What is the Sit & See tool?
Developed in response to a local desire to respond to a national problem in nursing, this simple observation tool has been developed, to capture and record the smallest things that make the biggest different to patients’ care, kindness and compassion. After just one days training, an observer will see tiny examples of care or compassion and using a simple recording system can identify positive, passive or poor compassionate care. The observer can sit (or stand) for between 15-50 minutes and observe and celebrate tiny examples of care and compassion or recommend how to improve aspects of care. For example a smile, a little banter, helping the patient’s day, perhaps sorting out their radio. It also captures dispassionate care, a patient or service user being ignored, the drink being out of reach, or a person who is disorientated being told to be quiet. For single bedded services, a “wander and listen” approach can be used.

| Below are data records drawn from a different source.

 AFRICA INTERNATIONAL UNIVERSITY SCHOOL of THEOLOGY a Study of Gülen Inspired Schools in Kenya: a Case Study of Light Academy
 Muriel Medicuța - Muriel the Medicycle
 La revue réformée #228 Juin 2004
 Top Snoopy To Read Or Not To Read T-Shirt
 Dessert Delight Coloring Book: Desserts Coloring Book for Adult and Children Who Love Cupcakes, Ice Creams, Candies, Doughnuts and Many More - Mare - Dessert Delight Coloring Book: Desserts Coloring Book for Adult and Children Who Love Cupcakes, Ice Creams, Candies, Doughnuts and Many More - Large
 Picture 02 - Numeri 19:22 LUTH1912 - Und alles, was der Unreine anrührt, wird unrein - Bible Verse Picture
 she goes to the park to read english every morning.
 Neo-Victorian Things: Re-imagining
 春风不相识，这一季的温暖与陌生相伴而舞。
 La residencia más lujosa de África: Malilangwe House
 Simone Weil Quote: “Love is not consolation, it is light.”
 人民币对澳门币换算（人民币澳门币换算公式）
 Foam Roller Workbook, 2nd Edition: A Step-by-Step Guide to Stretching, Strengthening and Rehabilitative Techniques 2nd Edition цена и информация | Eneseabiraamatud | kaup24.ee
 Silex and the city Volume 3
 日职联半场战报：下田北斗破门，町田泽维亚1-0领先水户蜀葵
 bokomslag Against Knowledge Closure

In outpatients of surgeries, the observer can see, hear and feel how welcoming, caring and supportive staff are to those coming for an investigation or to report new health concerns; or it may capture tiny episodes of business-like responses that can leave the patient feeling they cannot ask for more information.
In recovery or educational services, the tool can be used to observe how staff support service users to develop their confidence, independence and sense of self-worth and record how caring and compassionate the staff are.
The beauty of the tool is its simplicity, and is based on what you see and hear if you are a service or visitor. The tool enables the observer to ask themselves a simple question “How would I feel if I was supported or cared for in that way?”
The tool records both quantitative and qualitative data, compassionate and dispassionate care and is being used at every level of an organisation in health, social care and educational services.
We’ve trained six of our governors and it’s part of our development for our healthcare assistants and student nurses.